Support the usage of Markdown-based notebooks with "Lite" directives #221

agriyakhetarpal · 2024-12-03T02:26:39Z

Description

Please refer to the proposal in #191 for additional context and the rationale behind this change. This PR adds preprocessing functionalities to the base "Lite" directive (in the _LiteIframe class), which will allow a user to pass in a plain Markdown/MyST-Markdown notebook file to a directive, which will then get converted on the fly when JupyterLite is triggered. The conversion is performed via jupytext, which has been included as a dependency.

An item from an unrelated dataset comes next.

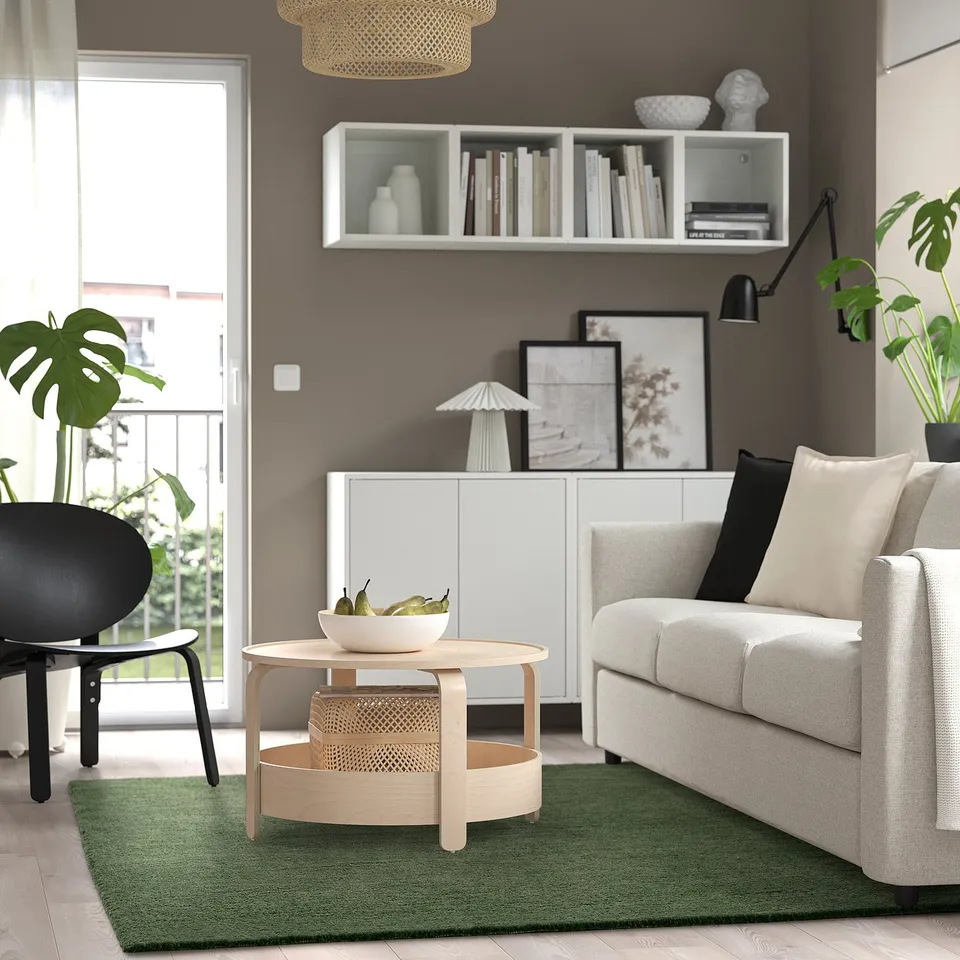 Modern living room with STOENSE green rug, white sofa, wooden coffee table, and wall decorations.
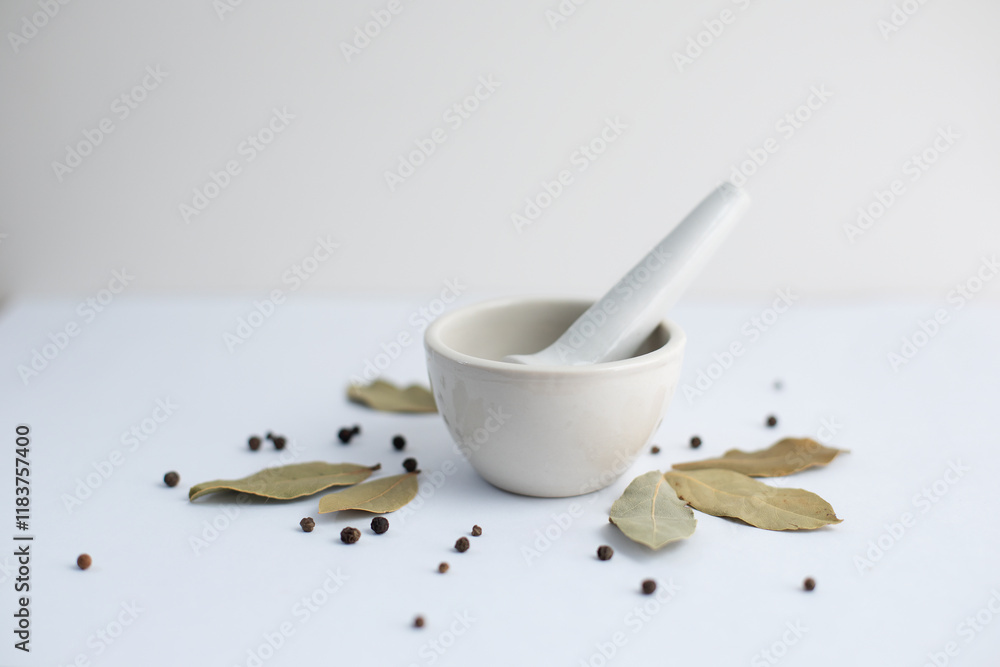 White mortar with black pepper and bay leaves on a white background. White mortar with black pepper and bay leaves on a white background.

There is also the option of leaving this as an experimental feature behind an experimental flag and/or an optional dependency on jupytext, as suggested in #191 (comment). However, I haven't implemented that change and would like to wait for further direction on this before I do so.

Changes made

Preprocessing added to the run() method of the _LiteIframe class to convert .md files to .ipynb files and pass them on to JupyterLite
Refactored the notebook conversion and cell stripping logic to two separate hidden functions that we subsequently call in _LiteIframe.run()
Handled potential notebook collisions (in case notebooks of the same name but with different formats are present anywhere in the docs) – here, we handle only those notebooks that are referenced in a directive, and we raise a ValueError for any conflicts, recommending that the user rename their notebooks to have unique names.
jupytext added as a dependency for facilitating the conversion
Documentation for all directives updated to showcase this functionality
A sample MyST Markdown notebook added

Additional context

This is supposed to make interacting with Markdown-based notebook workflows easier – a few notable examples are scipy/scipy#20303 and PyWavelets/pywt#741, which have their own ways of dealing with this intermediate step that might make sense to include in jupyterlite-sphinx itself through this PR, such as https://github.com/scipy/scipy/blob/82ee02556872b9f91576b835a8f40f1d9eb1fd8d/doc/convert_notebooks.py and https://github.com/agriyakhetarpal/pywt/blob/fd3e01c3003a18cca770fc6f33752f8c07084e21/doc/source/conf.py#L33-L49 respectively.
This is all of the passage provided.